Provider payload conversion helpers worth knowing

infer_model("provider:model") selects the adapter and creates provider/settings objects.
ModelNotice values are rendered with render_model_notices() and inserted into provider input by each session method; prompt starts/corrections append text, while tool continuations may add notice content after tool outputs.
_responses_tool_to_anthropic() and _responses_tool_to_chat() convert the common function-tool schema.
_extract_responses_tool_calls(), _extract_anthropic_tool_calls(), and _extract_chat_tool_calls() convert provider-specific tool calls into ModelToolCall objects.

Lifecycle And Observability

Hooks and tracing are runtime surfaces, not model-callable tools. The harness works with no registered hooks, but the hook points are part of the run lifecycle. Tracing records the lifecycle through spans; it should not change control flow.

Hooks

Hooks are runtime-only callables registered as Hook(event, handler, tools=None, agents=None).
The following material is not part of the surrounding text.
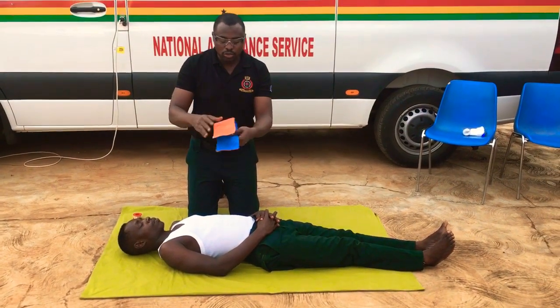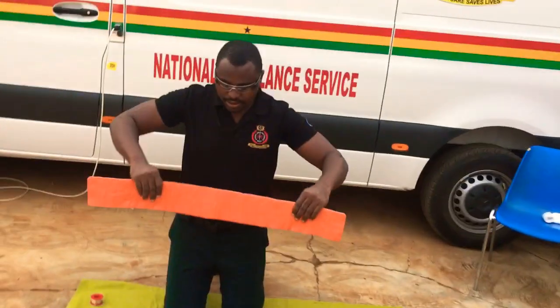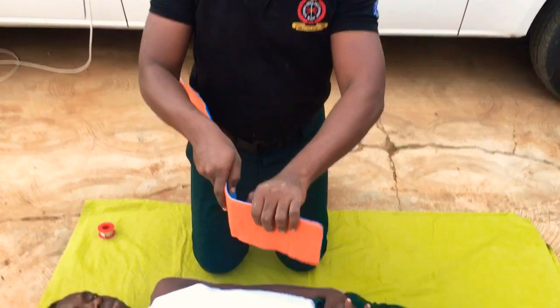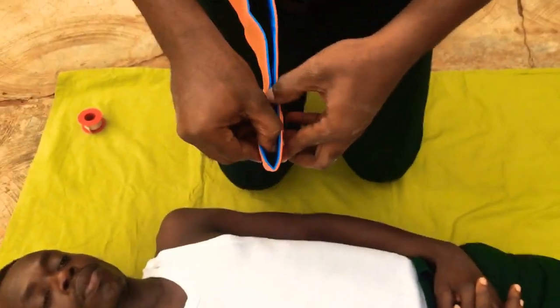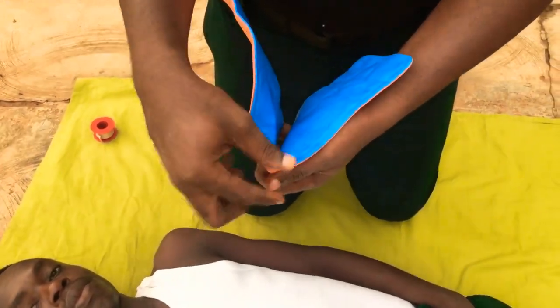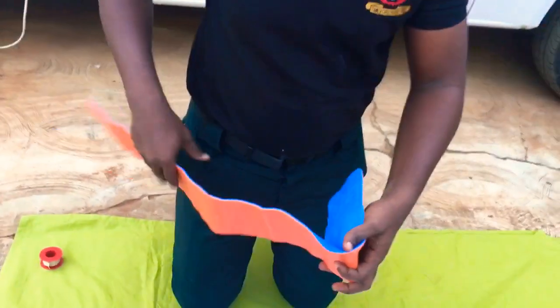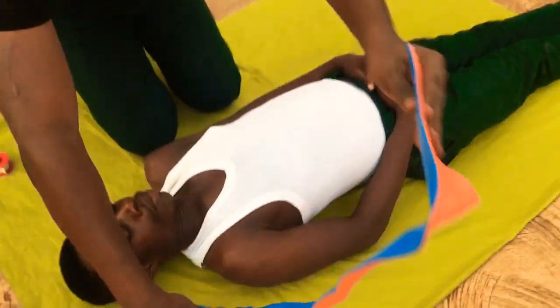First, take the splint and make sure you straighten it, then curve one side. After curving, turn it so that the chin rest area is correctly positioned — this is where the chin will be resting. Turn it into the correct orientation before approaching your victim.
Dispatch is synchronous and ordered, so earlier hooks can deterministically cancel or mutate context before later hooks run. Tool filters only apply to tool events; agent filters only apply to subagent events. Limit and retry logic is not implemented through hooks; hard limit events notify hooks after the runtime detects the limit condition.
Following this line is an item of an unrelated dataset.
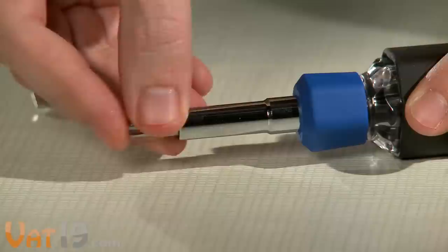The Autoloader comes preloaded with six standard hex bits, but because they're removable, you can customize the bit load.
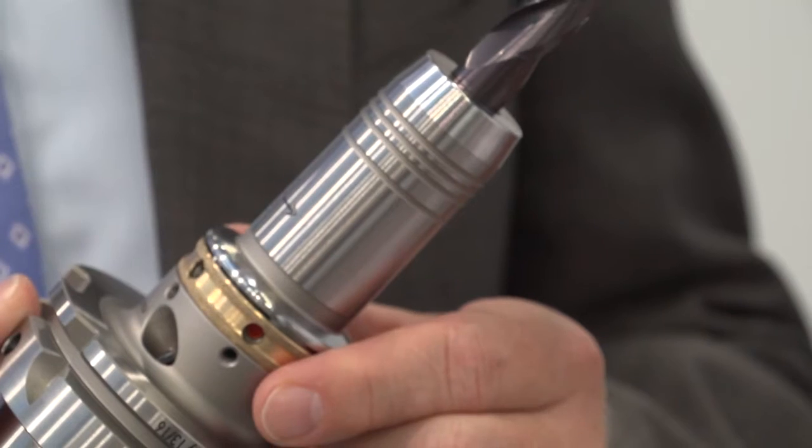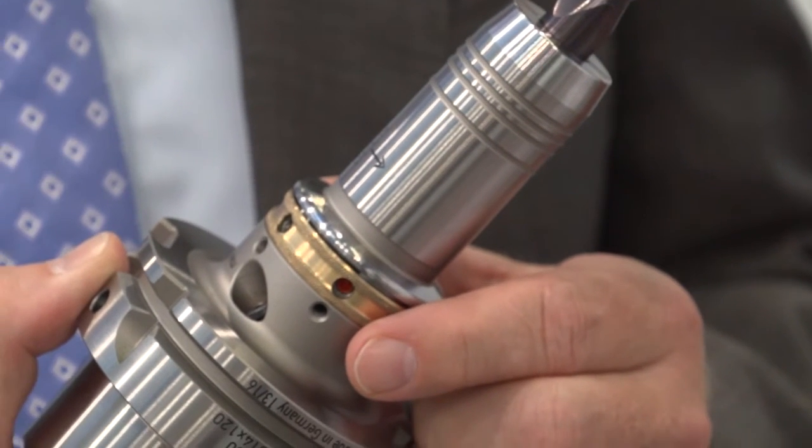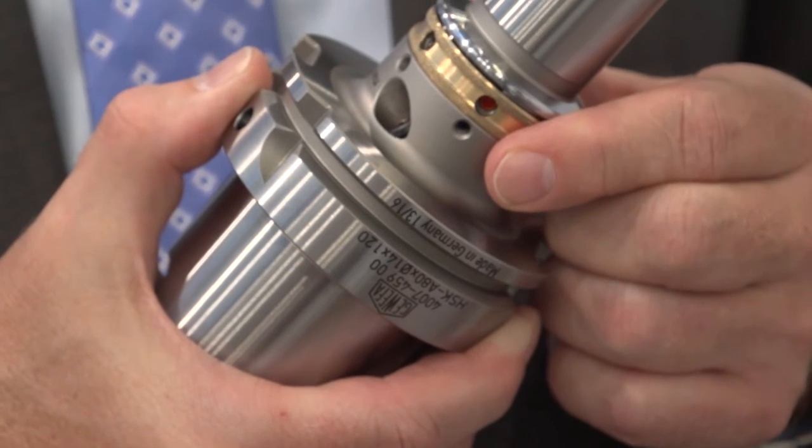For the viewers at home, what are the advantages of being able to balance the tool? The main advantage of this special hydraulic holder is that you can make a three-screw serial adjustment to zero run-out. Normally a hydraulic chuck has high accuracy, but this customer was looking for zero run-out of one or two microns maximum. With these screws he can adjust the run-out perfectly to what he's looking for, and it protects and extends the lifetime of the cutters, like PCD finishing reamers.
Event	Can cancel?	Can mutate?	Filter
`run_start`	No	No	None
`user_prompt_submit`	Yes	Add prompt context	None
`before_tool_call`	Yes	No	Tool name
`after_tool_call`	No	Rewrite model-visible output	Tool name
`before_subagent_run`	Yes	No	Agent name
`after_subagent_run`	No	No	Agent name
`limit_reached`	No	No	None
`run_end`	No	No	None

Tracing

RunTracer opens agent, model, and tool spans across every configured TracingOptions sink. Local tracing is enabled by default for top-level harnesses unless THINHARNESS_DISABLE_LOCAL_TRACING disables it. Trace attributes follow the OpenTelemetry GenAI semantic conventions used by the local tracing implementation.
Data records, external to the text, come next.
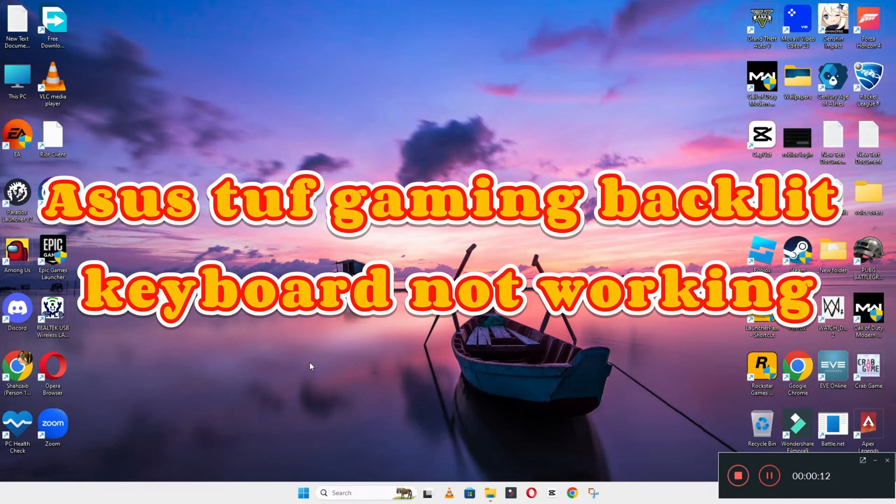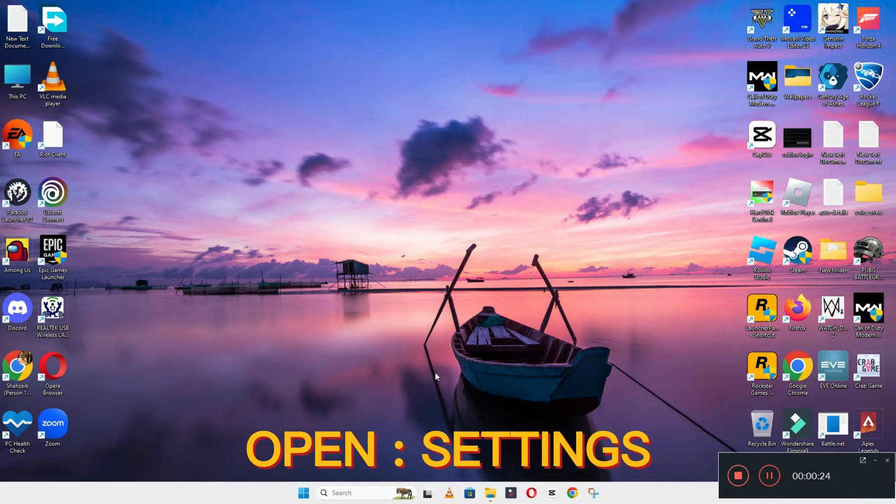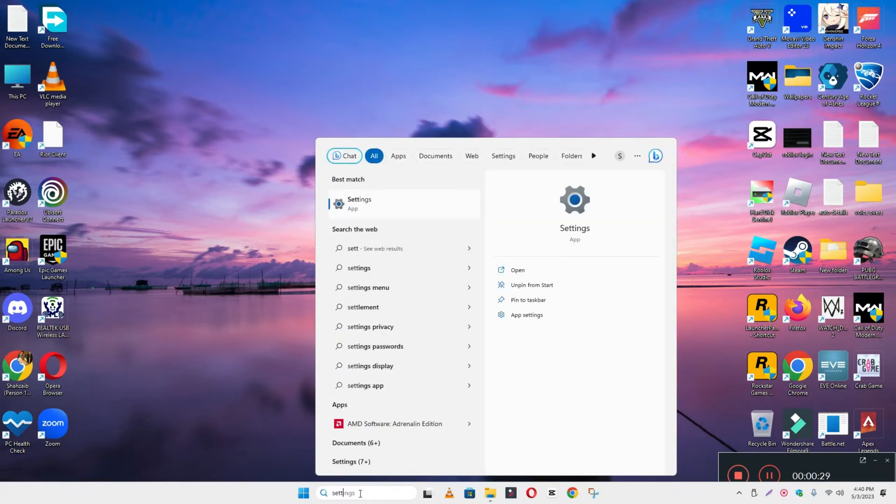Hi everyone, hope you are doing good. In this video I will talk about a used TUF Gaming backlit keyboard issue. If in this device the keyboard is not working, I will show you how you can easily fix it. Before I start, if you are new here don't forget to subscribe and press the bell icon. Now let's watch the complete video, follow all the steps and you will learn it.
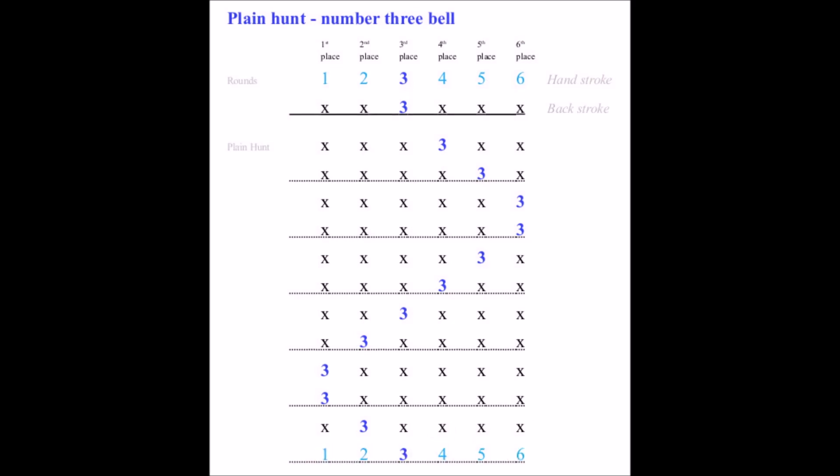Now I'm going to do the same again, but instead of clapping I will ring a bell. See if you can count with me and clap in time with bell number three as I ring it.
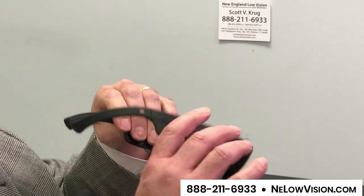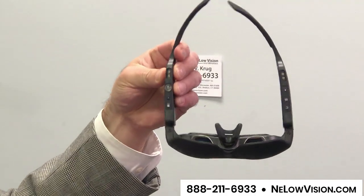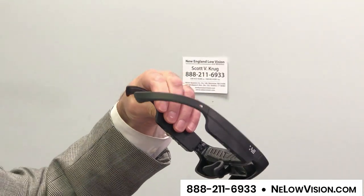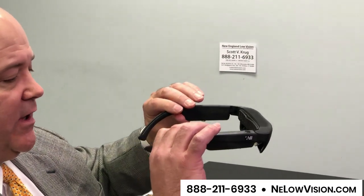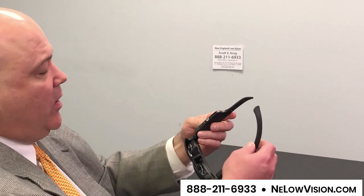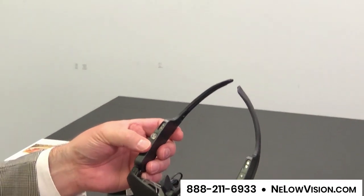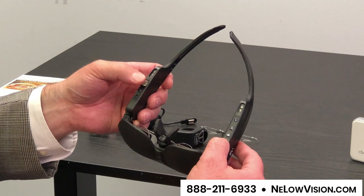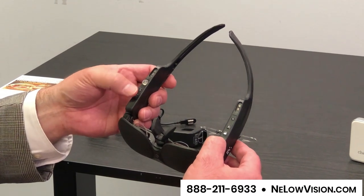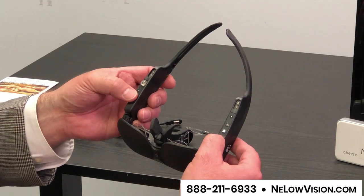What this is is a military grade pair of glasses and inside is an Android tablet. There is a battery built in and almost a full computer — a full Android tablet. It looks like there are very few buttons on here, but underneath the glasses there is an on/off button, and these two buttons here are one of three different ways a user has to control the magnification.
Local traces are JSONL span records under the configured trace directory.
OTLP tracing is optional through the tracing extra.
Span creation and content capture are separate: external tracing can record spans without recording prompts, tool args, or tool results unless those capture flags are enabled.

Extras

These surfaces are not required for ordinary harness runs. They still use the same Harness and ToolSpec machinery, but applications can ignore them unless they need specialized search, skills, delegation, MCP, or one-shot model fan-out.

Extra	How it enters the run	Boundary / behavior
JSONL search	`FileTools.__init__` creates `self.jsonl`, and `FileTools.specs()` includes `self.jsonl.spec()`.	Specialized search over large JSONL content stores: ripgrep row prefiltering, field paths, equality/contains/regex/range filters, projection, field-level snippets, row limits, and truncation through FileTools spill behavior.
Skills	`skills_dir` discovers available skills, but the model only gets skill tools when `builtin_tools` includes `skill_read` or `skill_run`.	Skills add prompt summaries plus `skill_read` and `skill_run`; they do not create one tool per skill.
Subagents	The `subagent` framework tool builds a child `Harness` and returns the child result as a tool result.	The parent tool call awaits the child run. Child harnesses always receive `subagents=[]`, structurally disabling recursion.
MCP	Configured server objects connect lazily and discover tools into live `ToolSpec` objects.	Subagents do not inherit parent-discovered MCP tools as ordinary custom `ToolSpec` objects. A named subagent can opt into MCP with `inherit_mcp_servers=True` or its own `mcp_servers=[...]`; then the child harness discovers MCP tools through its own connection lifecycle against those configured server objects.
Parallel LLM	Available built-in tool candidate via `create_parallel_llm_tool(parent)`, or custom renameable `ParallelLlmTool(...).spec()`.	Runs independent one-shot prompts concurrently. The built-in is configured by application code and text-only; custom `ParallelLlmTool` can opt into structured output.

Implementation Deep Dive

This section is for code ownership: the details you need to answer why the code is organized this way, where behavior lives, and which boundaries are deliberate. It focuses on the current implementation: runtime ownership, tool execution, structured turn resolution, provider/session boundaries, tracing, resume, subagents, MCP, search support, and parallel LLM.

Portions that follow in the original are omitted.